**Your instructions**
Retype the material that follows exactly, limited to the lines from the one with "Page 125 of" through the one with "miorily mitsu b Tote Bag", and keep out all pictures.

**Data supplied**

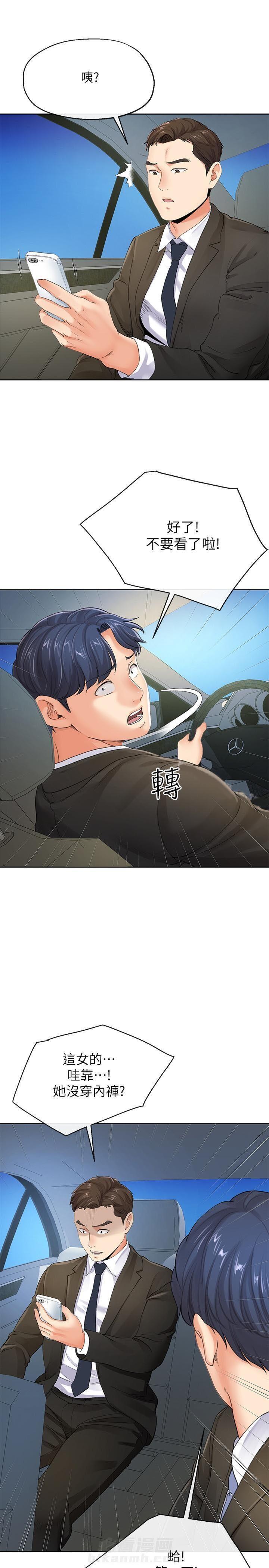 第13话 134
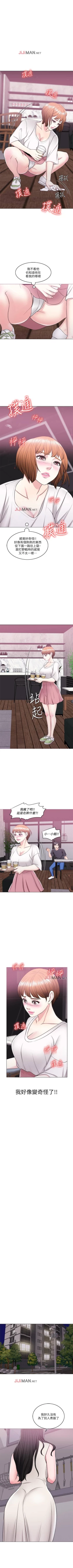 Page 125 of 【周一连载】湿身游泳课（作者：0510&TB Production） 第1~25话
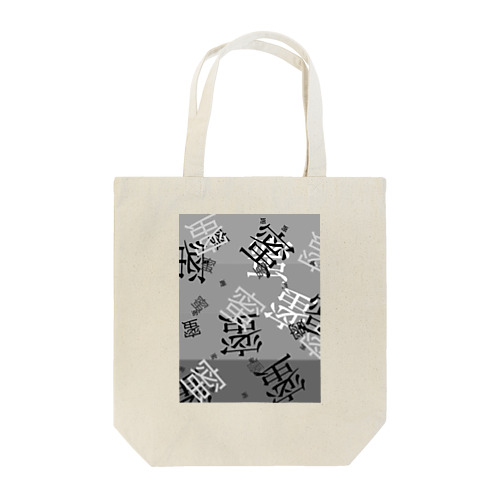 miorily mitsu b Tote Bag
==
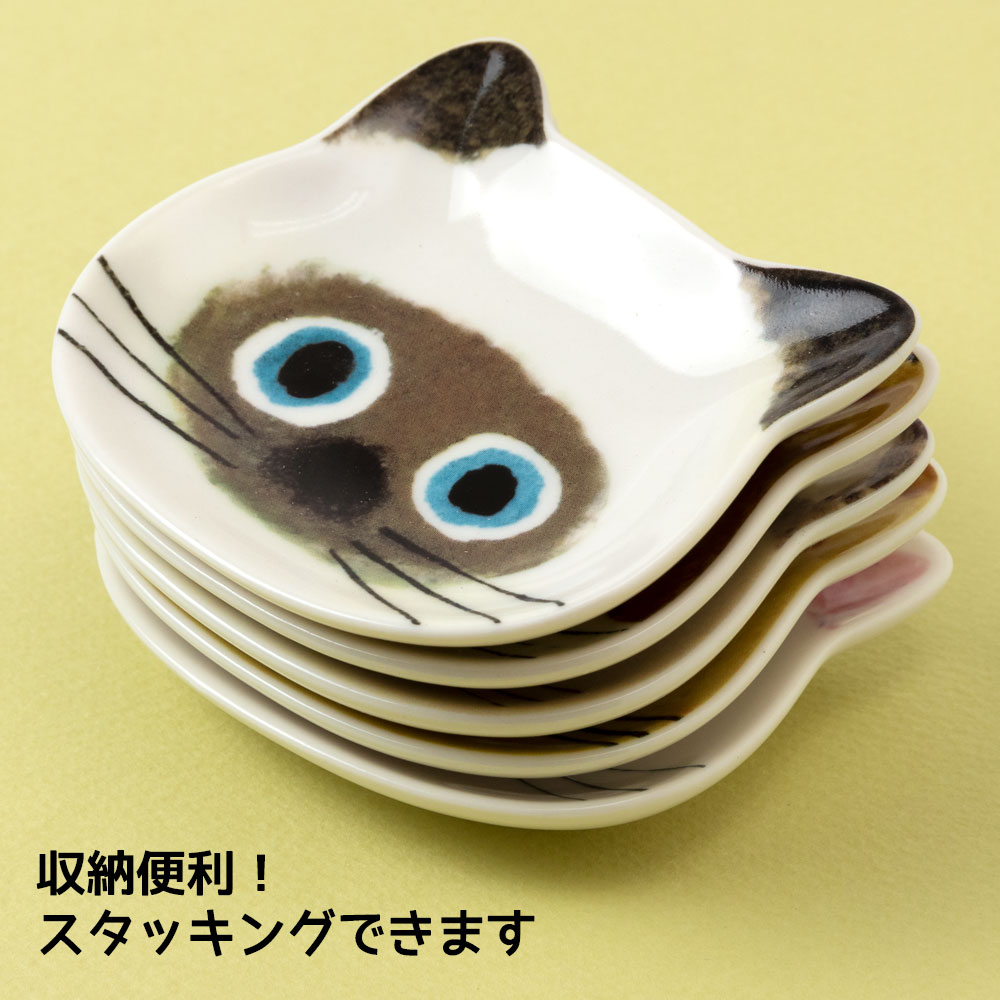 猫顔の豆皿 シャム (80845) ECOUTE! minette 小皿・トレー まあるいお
...
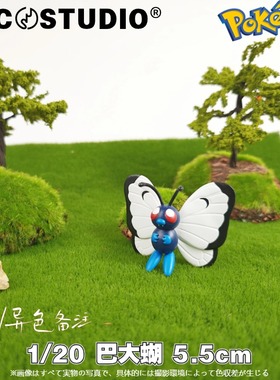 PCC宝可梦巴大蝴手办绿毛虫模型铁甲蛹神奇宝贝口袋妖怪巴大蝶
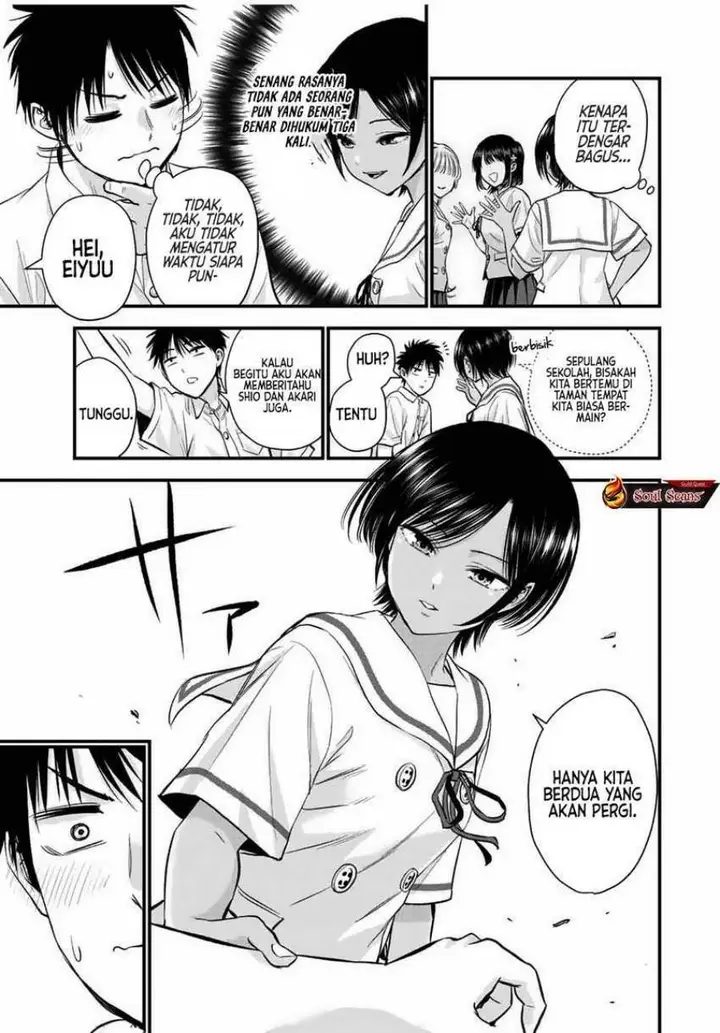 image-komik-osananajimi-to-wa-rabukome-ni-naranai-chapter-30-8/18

**Solution to the exercise**
 Page 125 of 【周一连载】湿身游泳课（作者：0510&TB Production） 第1~25话
 miorily mitsu b Tote Bag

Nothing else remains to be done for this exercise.